The proposed tariff hike at Delhi’s Indira Gandhi International Airport (IGIA) is expected to increase domestic airfares by 1.5 to 2 percent, according to a senior official. The Delhi International Airport Ltd (DIAL), which operates IGIA, has put forward a plan to introduce different user fees based on travel class and time of travel, distinguishing between peak and off-peak hours. The airport currently has the capacity to handle around 109 million passengers annually.
DIAL CEO Videh Kumar Jaipuriar on Wednesday (February 26) said that the Yield Per Passenger (YPP) will rise from the current Rs 145 to Rs 370 once the higher tariffs are approved. The YPP, which includes airline and passenger charges, will see a 140 percent increase compared to 2006 levels when the GMR Group-led consortium took over the airport.
He explained that, as per the Airport Economic Regulatory Authority (AERA) recommendations, 70 percent of the YPP should be attributed to passenger charges and 30 percent to airline charges, whereas currently, airline charges account for 68 percent and passenger charges for 32 percent.
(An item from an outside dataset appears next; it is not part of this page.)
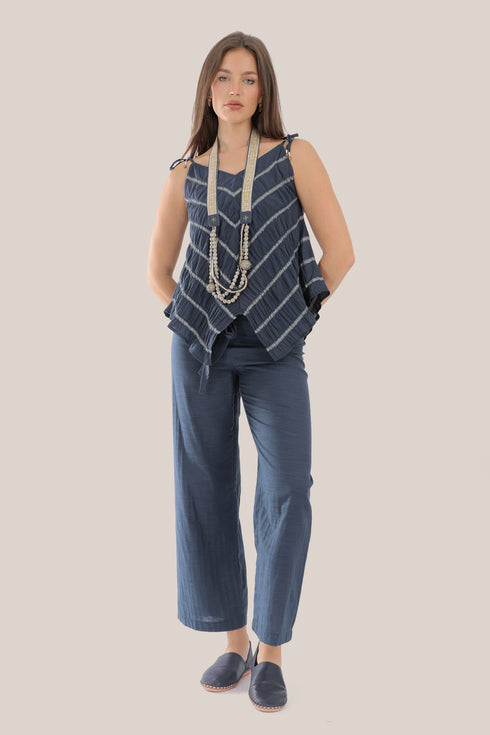 Striped bias cut top with thin straps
Jaipuriar clarified that with the revised tariffs, domestic airfares are likely to increase by 1.5 to 2 percent on average, while international fares will see a rise of less than 1 percent. The tariff proposal, which is currently under review, has been submitted to AERA for approval for the period from April 1, 2024, to March 31, 2029. At present, passengers pay a User Development Fee (UDF) of around Rs 77.
Comparing YPP figures across airports, Jaipuriar pointed out that the amount stands at Rs 478 in Bangalore, Rs 533 in Chennai, and Rs 637 in Kolkata. Internationally, the YPP is significantly higher, with Heathrow Airport in London at Rs 3,100, Schiphol in Amsterdam at Rs 1,507, Hong Kong at Rs 946, and Paris at Rs 1,770. He noted that these values fluctuate based on exchange rates.
Currently, around 44 planes remain grounded at Delhi airport. DIAL is working on enhancing its facilities across its three terminals—T1, T2, and T3—which handle approximately 1,300 flights daily.
Delhi Airport’s T2 to be closed for 4-5 months
As part of infrastructure upgrades, T2 will be temporarily closed for four to five months starting in April, while the Instrument Landing System (ILS) at one of the runways will be improved to enhance low-visibility landing capabilities. During this period, the affected runway will be non-operational, and before T2’s closure, the renovated section of T1 will be made operational. Additionally, a part of T3 will be converted for international operations.
Jaipuriar emphasised DIAL’s commitment to investing in passenger experience, stating that since taking over the airport in 2006, the company has invested Rs 30,000 crore. It has also contributed Rs 25,000 crore in revenue sharing with the Airports Authority of India (AAI) and paid Rs 192 crore in dividends. Despite these investments, DIAL’s accumulated losses stood at Rs 2,900 crore as of December 2024.
The Association of Private Airport Operators (APAO) has expressed support for DIAL’s proposed variable tariff model, calling it a globally recognised approach that balances affordability and financial sustainability. APAO highlighted that the class-based UDF structure and peak/off-peak pricing create a fair and efficient pricing mechanism.
The association also noted that a balanced distribution of UDF between arriving and departing passengers ensures equitable cost-sharing while competitive landing and parking fees help maintain operational efficiency and cost-effectiveness.